● **Exercise goal**:
Your output is to hold only the lines from the one showing "Using the CloudPoint" through the end of the listing, exactly, with every picture excluded.

● **Provided records**:
..............................
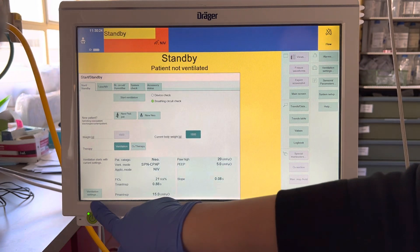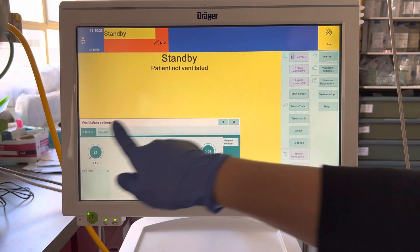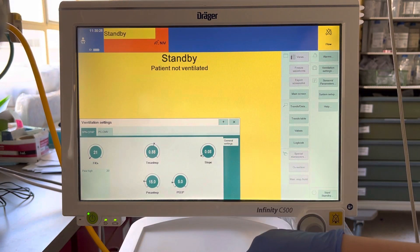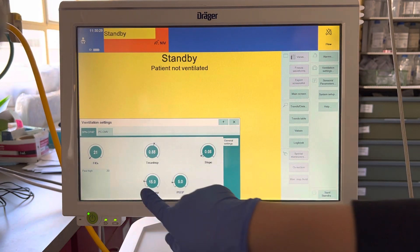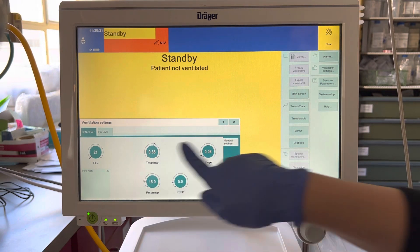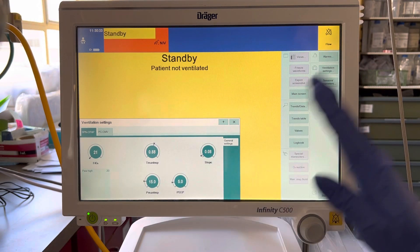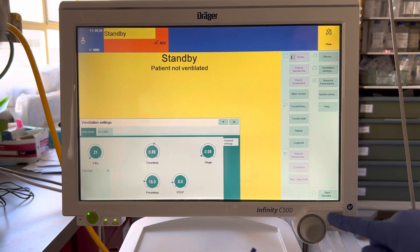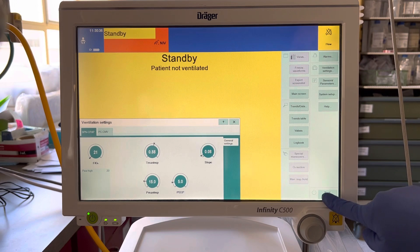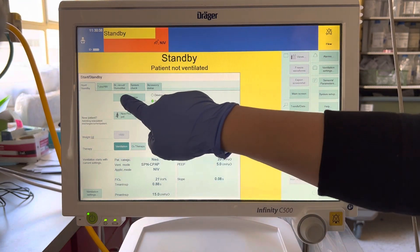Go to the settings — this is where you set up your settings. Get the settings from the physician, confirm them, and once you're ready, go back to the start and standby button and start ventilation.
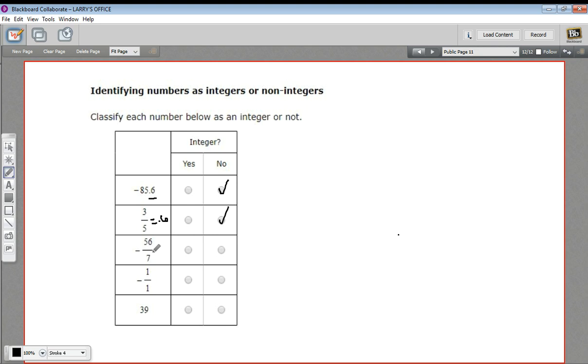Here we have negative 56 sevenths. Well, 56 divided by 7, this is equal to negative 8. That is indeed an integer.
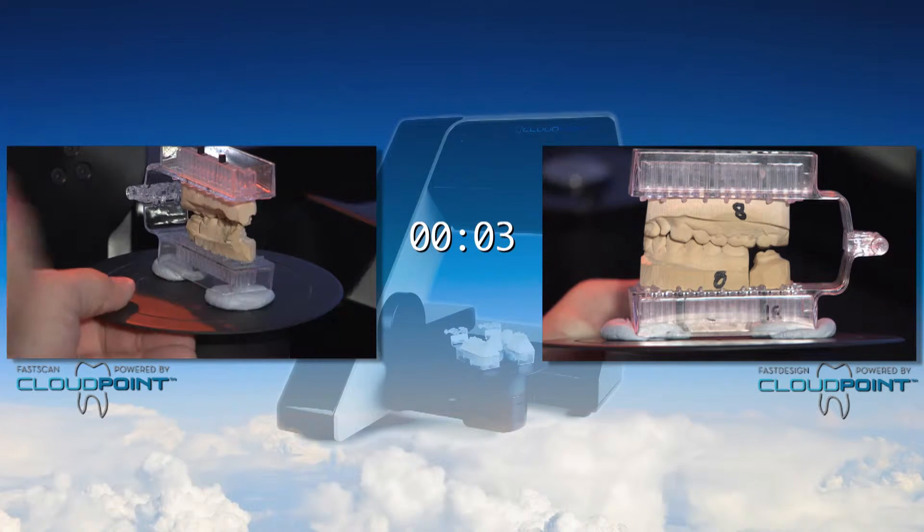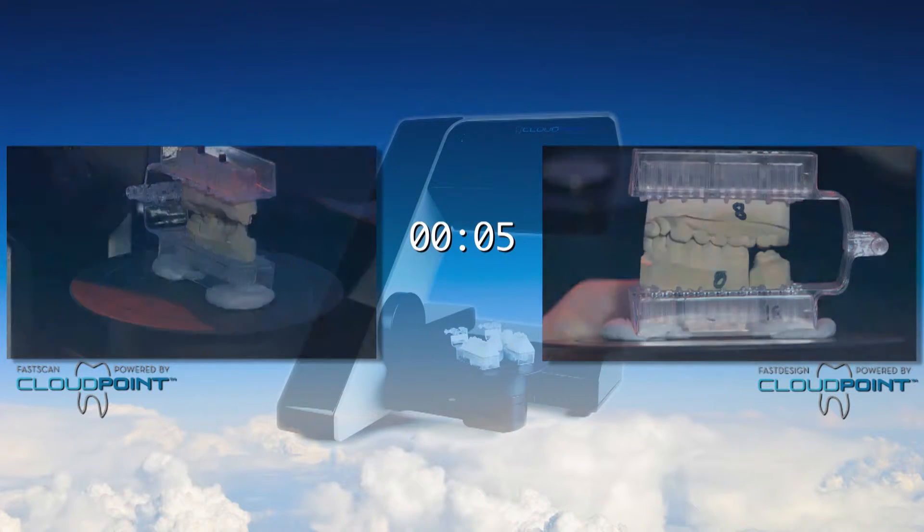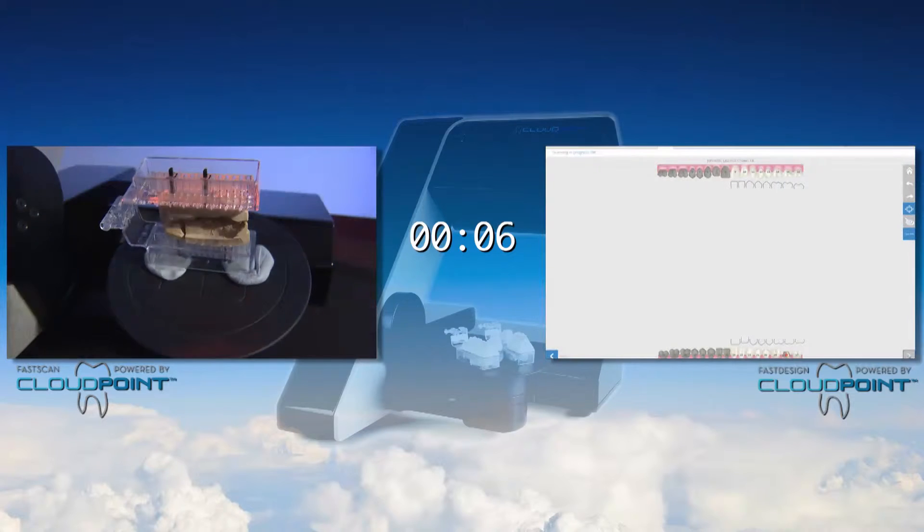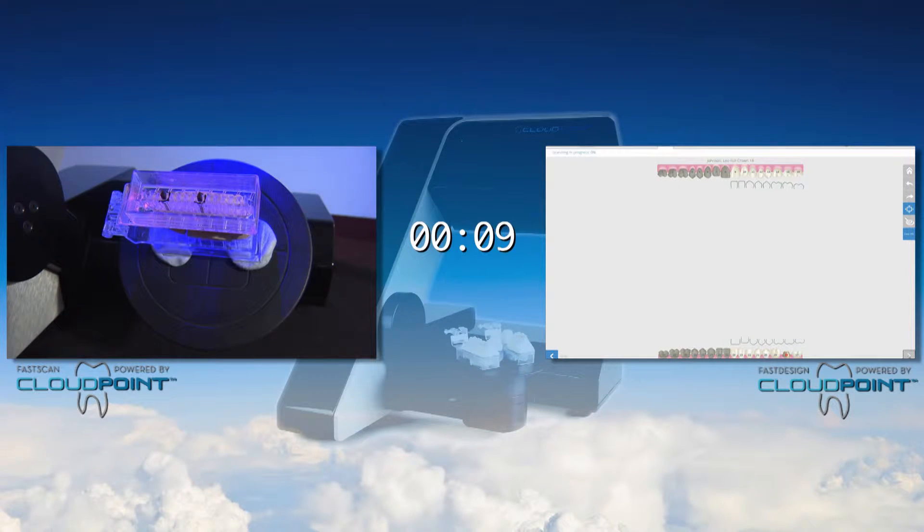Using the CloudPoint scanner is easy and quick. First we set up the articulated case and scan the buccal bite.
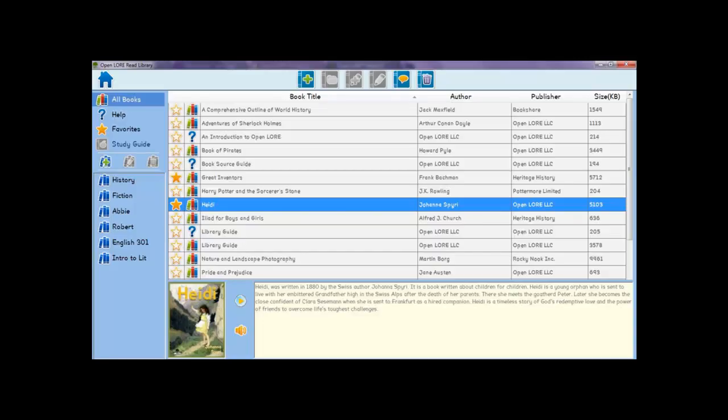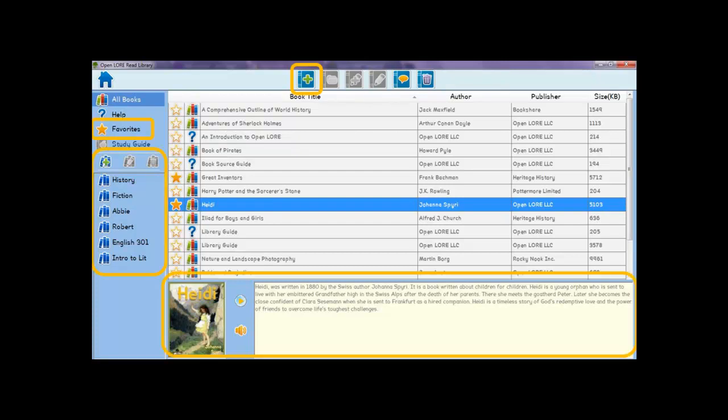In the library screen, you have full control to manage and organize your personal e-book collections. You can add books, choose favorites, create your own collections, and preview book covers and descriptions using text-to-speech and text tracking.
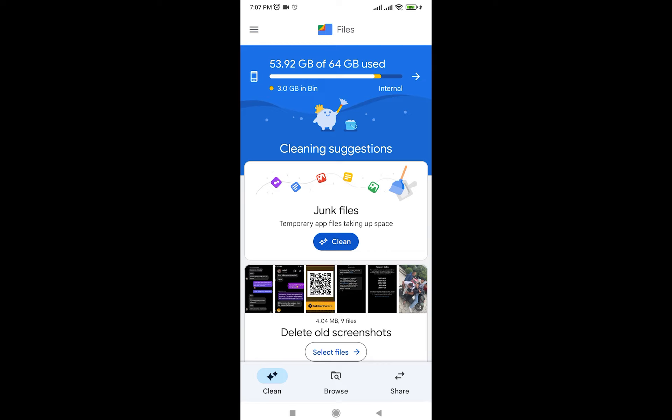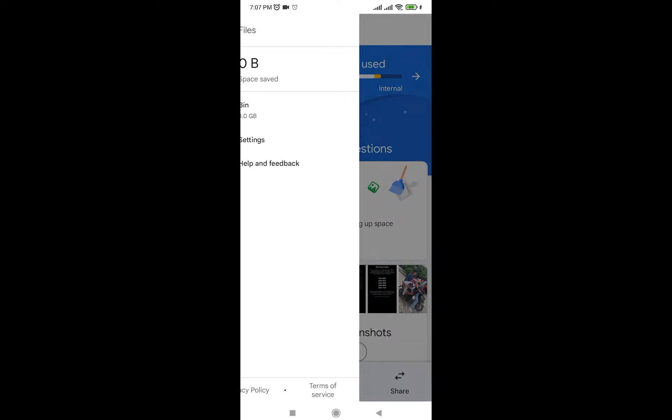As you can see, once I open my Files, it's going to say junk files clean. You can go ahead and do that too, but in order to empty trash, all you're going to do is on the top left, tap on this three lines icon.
..............................
● **Exercise solution**:
Using the CloudPoint scanner is easy and quick. First we set up the articulated case and scan the buccal bite.
In the library screen, you have full control to manage and organize your personal e-book collections. You can add books, choose favorites, create your own collections, and preview book covers and descriptions using text-to-speech and text tracking.
As you can see, once I open my Files, it's going to say junk files clean. You can go ahead and do that too, but in order to empty trash, all you're going to do is on the top left, tap on this three lines icon.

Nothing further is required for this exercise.